Pictures with short captions:
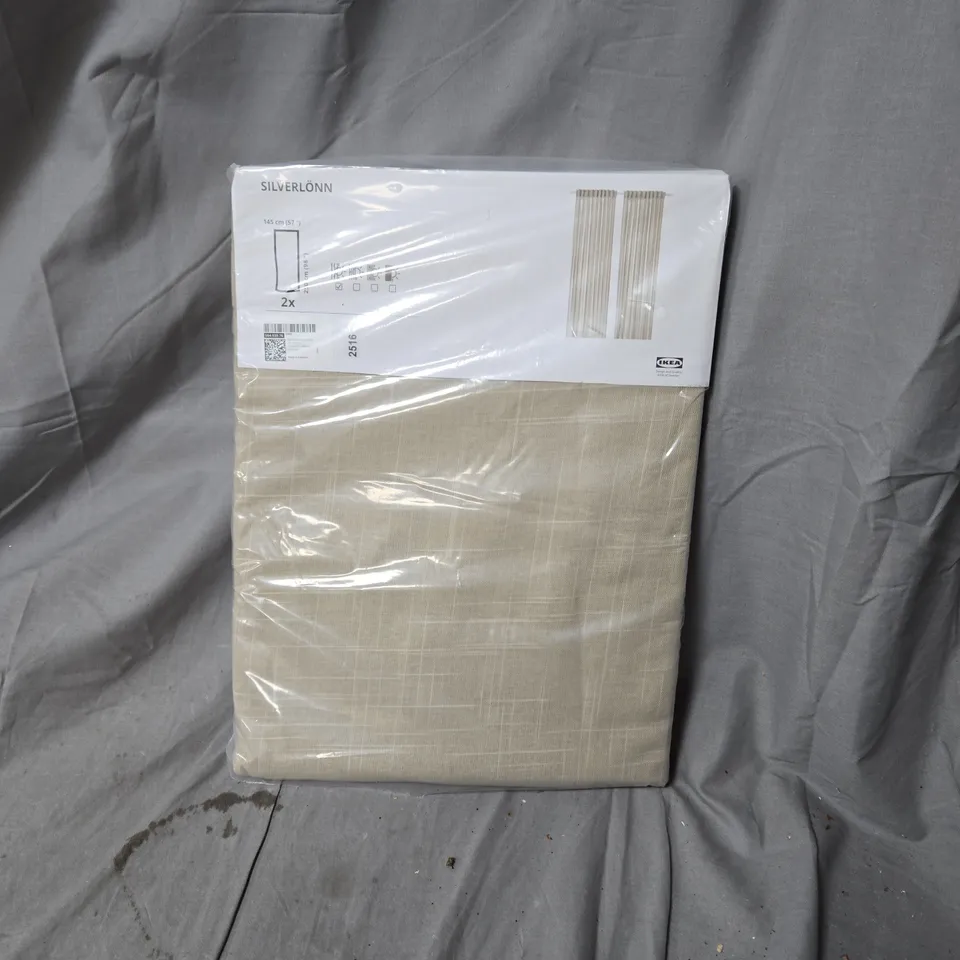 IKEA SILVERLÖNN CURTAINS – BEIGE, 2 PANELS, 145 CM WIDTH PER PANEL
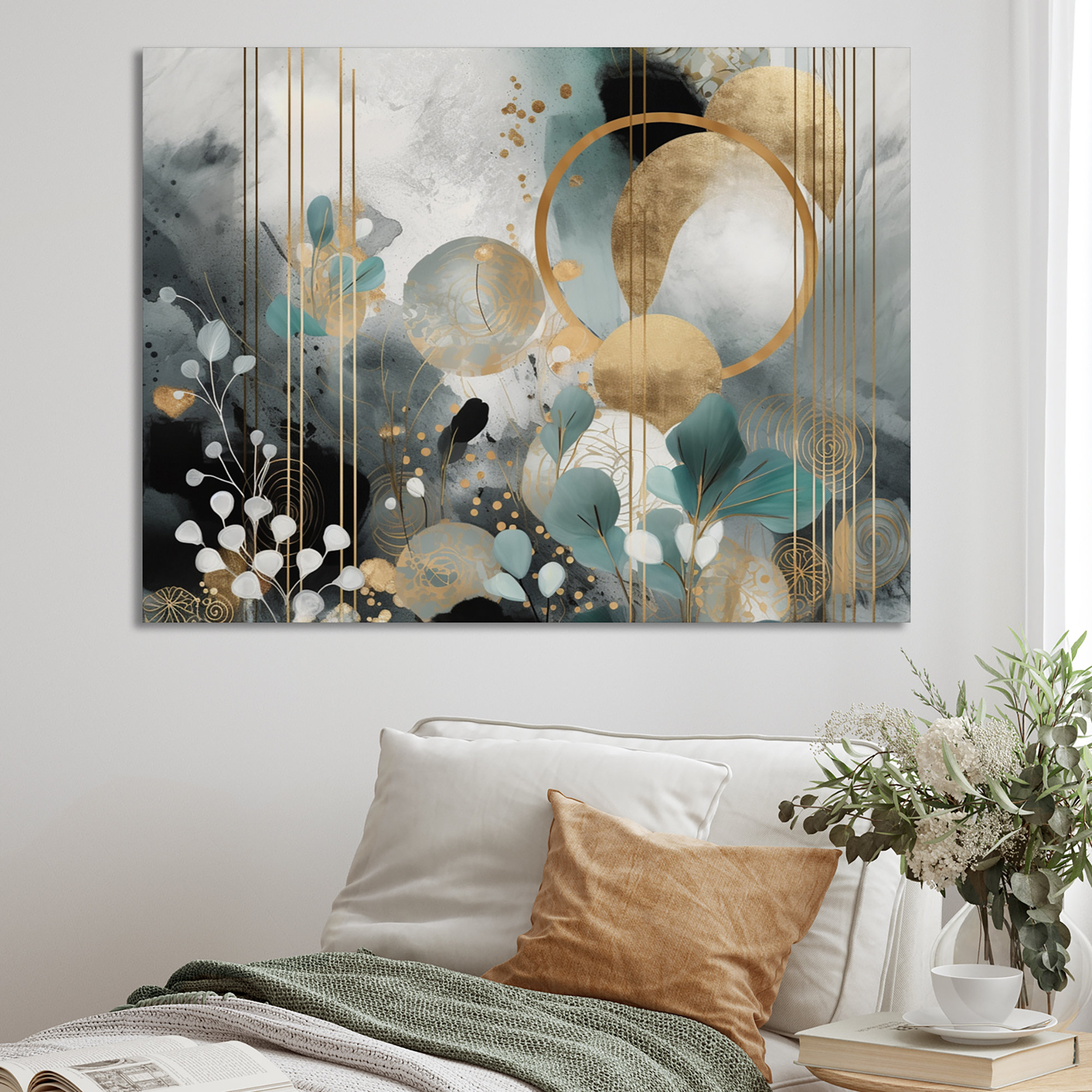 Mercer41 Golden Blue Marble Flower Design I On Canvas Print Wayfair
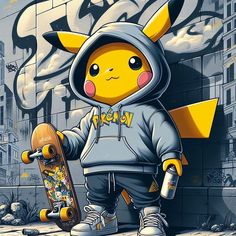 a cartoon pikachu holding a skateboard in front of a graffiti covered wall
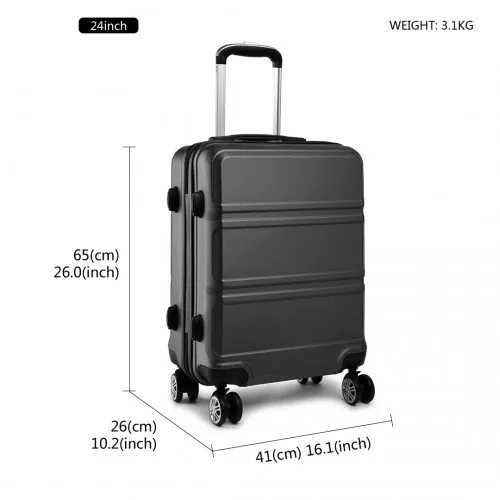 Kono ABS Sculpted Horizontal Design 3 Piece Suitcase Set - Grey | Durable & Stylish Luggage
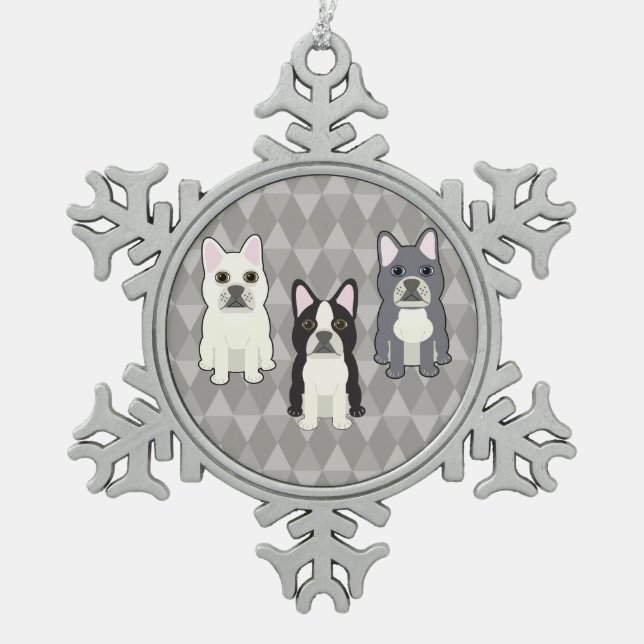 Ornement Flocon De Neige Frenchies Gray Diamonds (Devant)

**WHAT TO PRODUCE:**
Make an exact copy of the records above, one that has none of the pictures.

**REPLY TO THE TASK:**
 IKEA SILVERLÖNN CURTAINS – BEIGE, 2 PANELS, 145 CM WIDTH PER PANEL
 Mercer41 Golden Blue Marble Flower Design I On Canvas Print Wayfair
 a cartoon pikachu holding a skateboard in front of a graffiti covered wall
 Kono ABS Sculpted Horizontal Design 3 Piece Suitcase Set - Grey | Durable & Stylish Luggage
 Ornement Flocon De Neige Frenchies Gray Diamonds (Devant)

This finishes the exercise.